La vraie question est désormais de savoir si cette morosité du marché du stockage sera durable. Depuis plusieurs années, les constructeurs de stockage ont fait fortune en vendant très cher des systèmes qui, au fond, ne sont que des serveurs x86 banals bourrés de disques. Jusqu’alors leurs prix se justifiaient par l’intelligence du logiciel fourni avec leurs baies. Mais les fonctions les plus courantes des baies de stockage sont en voie rapide de banalisation. Cette banalisation est en partie illustrée par l’arrivée de multiples nouveaux acteurs sur le marché, et notamment d’acteurs du stockage Flash, qui proposent des rapports prix/performances très supérieurs à ceux des géants du secteur.
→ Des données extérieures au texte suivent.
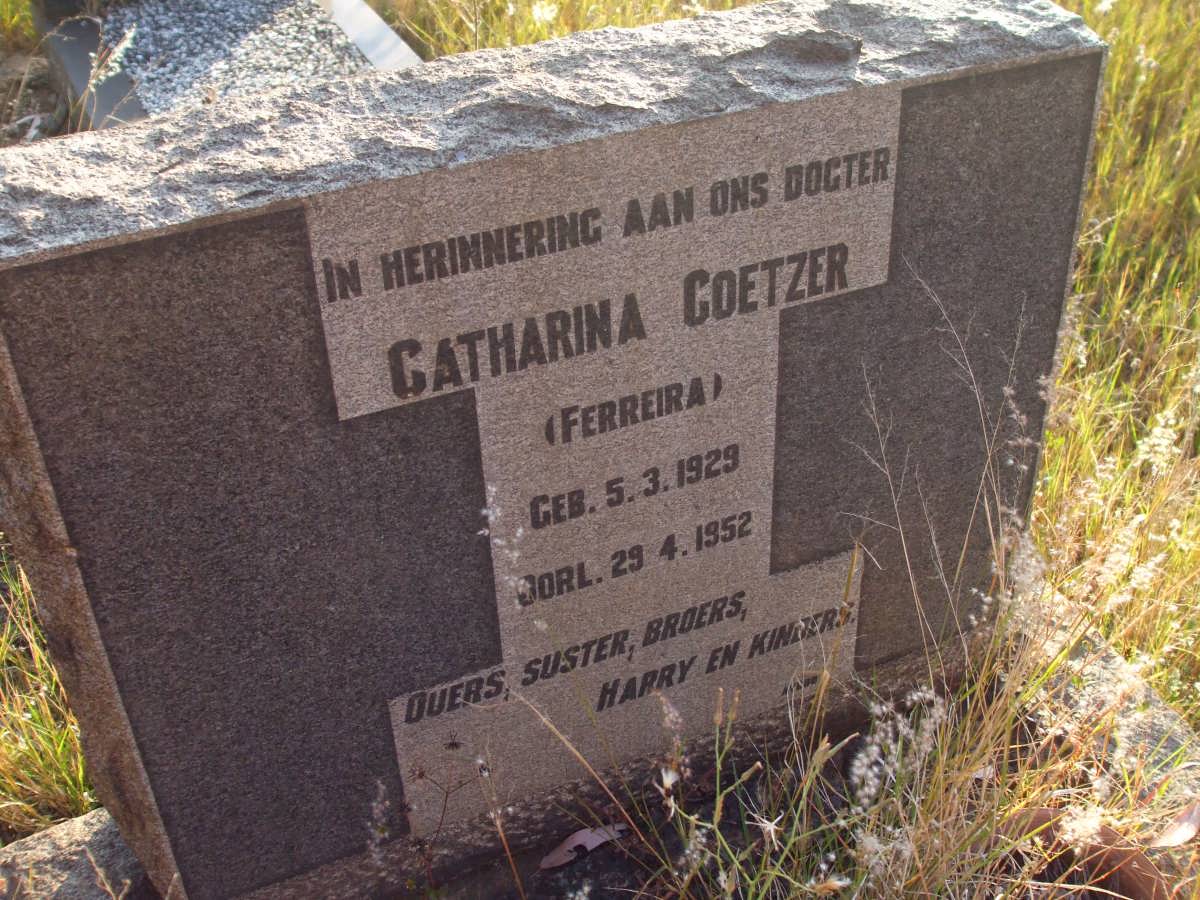 COETZER Catharina nee FERREIRA 1929-1952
Pire, à l’heure où les serveurs sont virtualisés et où les réseaux sont en voie de l’être (via la banalisation des architectures de type SDN), le stockage pourrait lui aussi finir par subir la même transformation, avec des contrôleurs de virtualisation intelligents connectés à des multitudes de systèmes de stockage plus ou moins « low-cost » en fonction des besoins de performance.
Si cette évolution se confirmait, il n’est pas sûr que les spécialistes du stockage parviennent à maintenir les marges et les taux de croissance insolents des dernières années. Pire, une telle approche pourrait favoriser le retour en grâce des « généralistes », dans le cadre d’approches d’informatique convergente. Pour l’instant, NetApp continue à mettre l’accent sur son architecture FAS et tente de palier les attaques de nouveaux venus dans le monde du stockage avec des innovations autour de la Flash (avec une approche largement concentrée sur le cache). Mais si cette approche venait à faillir, le constructeur pourrait devenir une proie pour un généraliste désireux de bâtir une offre intégrée. On pense notamment à Cisco avec lequel NetApp dispose déjà d’un solide partenariat. NetApp pourrait en effet être un complément de choix pour le n°1 mondial des réseaux, d’autant qu’EMC lui a récemment fait quelques infidélités (avec notamment la signature d’un accord avec Lenovo et le rachat par VMware de Nicira, dont la technologie de réseaux programmables - Software Defined Networking - est de nature à menacer à long terme le rôle de Cisco dans les réseaux d’entreprise).